According to Amy Schatz at wsj.com, the Justice Department is expected to also approve the deal as early as Tuesday with conditions aimed at preventing the cable giant from stifling competition in the pay-television and online video markets.
FCC commissioners approved the deal Tuesday on a 4-1 vote, with Democratic FCC Commissioner Michael Copps voting against the deal. Mr. Copps is a vocal opponent of increased media consolidation and he maintained the Comcast-NBC combination wasn't in the public's best interest.
The FCC imposed a variety of conditions on the deal designed to prevent Comcast from denying NBC programming and Comcast regional sports networks from its pay-TV and online competitors. The nation's largest cable company will be required to set aside a number of channels for independent programmers and agreed to keep NBC network programming on free over-the-air TV stations.
Comcast is also barred from favoring its own online programming over competitors and the company agreed to abide by the FCC's new "net neutrality" rules -- which would bar the company from deliberately blocking websites or slowing broadband traffic -- for seven years.

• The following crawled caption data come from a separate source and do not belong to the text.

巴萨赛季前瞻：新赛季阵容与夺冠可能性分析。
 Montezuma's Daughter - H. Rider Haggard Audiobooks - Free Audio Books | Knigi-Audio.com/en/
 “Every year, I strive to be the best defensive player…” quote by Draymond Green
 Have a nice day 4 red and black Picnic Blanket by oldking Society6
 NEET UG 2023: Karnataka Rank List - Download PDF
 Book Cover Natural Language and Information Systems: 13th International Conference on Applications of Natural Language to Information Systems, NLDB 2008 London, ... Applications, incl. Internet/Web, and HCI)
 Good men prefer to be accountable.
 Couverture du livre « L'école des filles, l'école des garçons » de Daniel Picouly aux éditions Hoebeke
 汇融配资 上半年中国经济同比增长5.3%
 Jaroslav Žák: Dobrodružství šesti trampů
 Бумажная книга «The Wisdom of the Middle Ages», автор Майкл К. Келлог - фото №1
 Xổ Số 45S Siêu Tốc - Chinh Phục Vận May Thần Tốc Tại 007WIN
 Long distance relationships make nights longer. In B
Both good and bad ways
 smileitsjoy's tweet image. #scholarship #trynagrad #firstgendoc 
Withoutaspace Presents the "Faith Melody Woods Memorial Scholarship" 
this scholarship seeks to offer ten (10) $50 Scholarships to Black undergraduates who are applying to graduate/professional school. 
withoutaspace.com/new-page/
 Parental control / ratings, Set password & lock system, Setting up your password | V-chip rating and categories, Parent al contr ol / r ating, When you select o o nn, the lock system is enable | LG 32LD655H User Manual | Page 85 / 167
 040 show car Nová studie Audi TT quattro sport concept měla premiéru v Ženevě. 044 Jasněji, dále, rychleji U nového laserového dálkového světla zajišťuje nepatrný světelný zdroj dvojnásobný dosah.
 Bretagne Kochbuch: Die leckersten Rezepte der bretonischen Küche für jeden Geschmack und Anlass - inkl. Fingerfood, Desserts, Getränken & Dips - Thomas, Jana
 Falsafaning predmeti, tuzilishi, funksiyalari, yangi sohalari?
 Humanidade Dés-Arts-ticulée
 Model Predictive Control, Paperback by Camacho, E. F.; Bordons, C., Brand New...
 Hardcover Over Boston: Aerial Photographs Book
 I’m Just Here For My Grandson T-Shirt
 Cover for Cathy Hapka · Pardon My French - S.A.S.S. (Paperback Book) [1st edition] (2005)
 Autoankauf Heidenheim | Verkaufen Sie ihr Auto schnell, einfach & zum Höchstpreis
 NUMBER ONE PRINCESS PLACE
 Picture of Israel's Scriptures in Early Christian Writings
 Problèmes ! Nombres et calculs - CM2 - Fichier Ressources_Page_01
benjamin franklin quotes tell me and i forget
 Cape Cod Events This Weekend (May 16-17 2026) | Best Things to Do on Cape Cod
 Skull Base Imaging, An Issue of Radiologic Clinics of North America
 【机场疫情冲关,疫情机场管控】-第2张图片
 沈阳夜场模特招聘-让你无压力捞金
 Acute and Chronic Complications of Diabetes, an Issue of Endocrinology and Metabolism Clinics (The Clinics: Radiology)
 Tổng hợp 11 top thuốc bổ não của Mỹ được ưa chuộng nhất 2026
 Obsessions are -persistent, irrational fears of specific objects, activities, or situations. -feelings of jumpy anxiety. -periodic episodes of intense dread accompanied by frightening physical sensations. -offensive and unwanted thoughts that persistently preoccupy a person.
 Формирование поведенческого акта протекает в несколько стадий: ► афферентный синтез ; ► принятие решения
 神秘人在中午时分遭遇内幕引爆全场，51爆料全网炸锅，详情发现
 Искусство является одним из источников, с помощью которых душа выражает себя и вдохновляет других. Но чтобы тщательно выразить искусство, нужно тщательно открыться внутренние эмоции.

The cable giant will be required to live under the net neutrality rules even if a federal appeals court ultimately throws them out, which is a possibility.
Many of the conditions that are part of the FCC's approval came from voluntary concessions Comcast has made over the past few months in hopes of getting the deal approved.
The company agreed to air more children's programming, limit interactive advertisements for children and offer stand-alone Internet access for $49.95 a month. It promised to adopt a hands-off approach to the NBC News division.